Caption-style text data
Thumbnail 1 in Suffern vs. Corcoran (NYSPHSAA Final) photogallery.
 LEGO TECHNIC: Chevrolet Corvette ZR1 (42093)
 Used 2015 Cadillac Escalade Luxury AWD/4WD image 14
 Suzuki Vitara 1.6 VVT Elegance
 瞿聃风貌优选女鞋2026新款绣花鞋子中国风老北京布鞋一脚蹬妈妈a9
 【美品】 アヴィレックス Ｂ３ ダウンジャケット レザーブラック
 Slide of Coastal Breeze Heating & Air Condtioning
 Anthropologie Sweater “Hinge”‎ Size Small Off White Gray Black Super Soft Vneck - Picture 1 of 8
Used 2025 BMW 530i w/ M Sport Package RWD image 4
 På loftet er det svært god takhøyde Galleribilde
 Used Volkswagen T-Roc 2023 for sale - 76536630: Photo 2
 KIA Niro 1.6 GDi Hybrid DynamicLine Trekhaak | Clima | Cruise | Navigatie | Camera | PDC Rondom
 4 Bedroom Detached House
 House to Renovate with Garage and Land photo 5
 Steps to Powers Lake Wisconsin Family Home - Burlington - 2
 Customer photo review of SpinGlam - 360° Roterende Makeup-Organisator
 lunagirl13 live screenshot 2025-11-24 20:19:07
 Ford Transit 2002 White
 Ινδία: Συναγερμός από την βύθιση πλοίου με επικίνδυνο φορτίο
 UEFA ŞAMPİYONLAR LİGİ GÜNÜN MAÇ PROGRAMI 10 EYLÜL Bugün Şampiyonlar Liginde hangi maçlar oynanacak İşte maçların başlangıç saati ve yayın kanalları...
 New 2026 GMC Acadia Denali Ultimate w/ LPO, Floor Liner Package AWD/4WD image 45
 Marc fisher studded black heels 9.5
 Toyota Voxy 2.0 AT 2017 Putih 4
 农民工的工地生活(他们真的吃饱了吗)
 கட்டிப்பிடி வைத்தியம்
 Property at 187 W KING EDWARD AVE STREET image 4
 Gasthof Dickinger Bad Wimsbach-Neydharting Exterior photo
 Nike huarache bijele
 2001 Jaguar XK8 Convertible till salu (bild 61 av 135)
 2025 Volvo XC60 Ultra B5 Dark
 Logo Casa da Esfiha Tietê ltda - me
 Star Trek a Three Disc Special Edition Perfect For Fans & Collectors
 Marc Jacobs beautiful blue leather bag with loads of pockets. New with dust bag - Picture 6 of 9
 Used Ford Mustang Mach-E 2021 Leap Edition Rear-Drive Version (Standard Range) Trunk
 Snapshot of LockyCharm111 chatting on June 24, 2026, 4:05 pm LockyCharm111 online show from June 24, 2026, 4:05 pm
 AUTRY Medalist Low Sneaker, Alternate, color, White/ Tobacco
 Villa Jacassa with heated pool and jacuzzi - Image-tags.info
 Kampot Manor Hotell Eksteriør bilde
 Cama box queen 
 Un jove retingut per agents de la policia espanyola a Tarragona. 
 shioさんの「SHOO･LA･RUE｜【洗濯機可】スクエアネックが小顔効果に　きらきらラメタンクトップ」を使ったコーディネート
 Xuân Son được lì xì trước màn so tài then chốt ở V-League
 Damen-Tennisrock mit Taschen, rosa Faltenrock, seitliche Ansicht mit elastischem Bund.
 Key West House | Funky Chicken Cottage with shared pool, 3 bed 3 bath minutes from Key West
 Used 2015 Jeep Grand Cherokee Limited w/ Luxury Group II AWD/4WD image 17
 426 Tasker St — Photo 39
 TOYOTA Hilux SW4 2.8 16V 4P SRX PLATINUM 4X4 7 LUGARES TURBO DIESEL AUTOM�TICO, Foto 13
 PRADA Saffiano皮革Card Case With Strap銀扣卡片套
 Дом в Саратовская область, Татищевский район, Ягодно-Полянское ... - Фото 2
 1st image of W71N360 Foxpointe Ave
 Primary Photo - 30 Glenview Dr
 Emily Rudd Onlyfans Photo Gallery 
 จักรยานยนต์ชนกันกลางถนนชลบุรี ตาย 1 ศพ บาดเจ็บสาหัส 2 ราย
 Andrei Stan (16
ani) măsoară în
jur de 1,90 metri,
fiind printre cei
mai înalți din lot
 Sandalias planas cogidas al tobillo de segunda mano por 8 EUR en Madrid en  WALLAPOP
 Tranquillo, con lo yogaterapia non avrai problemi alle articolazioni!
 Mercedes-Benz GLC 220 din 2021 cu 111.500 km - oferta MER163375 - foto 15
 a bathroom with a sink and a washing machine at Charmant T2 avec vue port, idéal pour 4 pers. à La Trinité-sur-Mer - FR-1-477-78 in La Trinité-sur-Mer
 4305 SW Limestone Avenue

• **Task details**
Set down exactly the lines that begin the records and continue through the line bearing "Marc fisher studded black heels 9.5"; include both ends.

• **Answer for this exercise**
Thumbnail 1 in Suffern vs. Corcoran (NYSPHSAA Final) photogallery.
 LEGO TECHNIC: Chevrolet Corvette ZR1 (42093)
 Used 2015 Cadillac Escalade Luxury AWD/4WD image 14
 Suzuki Vitara 1.6 VVT Elegance
 瞿聃风貌优选女鞋2026新款绣花鞋子中国风老北京布鞋一脚蹬妈妈a9
 【美品】 アヴィレックス Ｂ３ ダウンジャケット レザーブラック
 Slide of Coastal Breeze Heating & Air Condtioning
 Anthropologie Sweater “Hinge”‎ Size Small Off White Gray Black Super Soft Vneck - Picture 1 of 8
Used 2025 BMW 530i w/ M Sport Package RWD image 4
 På loftet er det svært god takhøyde Galleribilde
 Used Volkswagen T-Roc 2023 for sale - 76536630: Photo 2
 KIA Niro 1.6 GDi Hybrid DynamicLine Trekhaak | Clima | Cruise | Navigatie | Camera | PDC Rondom
 4 Bedroom Detached House
 House to Renovate with Garage and Land photo 5
 Steps to Powers Lake Wisconsin Family Home - Burlington - 2
 Customer photo review of SpinGlam - 360° Roterende Makeup-Organisator
 lunagirl13 live screenshot 2025-11-24 20:19:07
 Ford Transit 2002 White
 Ινδία: Συναγερμός από την βύθιση πλοίου με επικίνδυνο φορτίο
 UEFA ŞAMPİYONLAR LİGİ GÜNÜN MAÇ PROGRAMI 10 EYLÜL Bugün Şampiyonlar Liginde hangi maçlar oynanacak İşte maçların başlangıç saati ve yayın kanalları...
 New 2026 GMC Acadia Denali Ultimate w/ LPO, Floor Liner Package AWD/4WD image 45
 Marc fisher studded black heels 9.5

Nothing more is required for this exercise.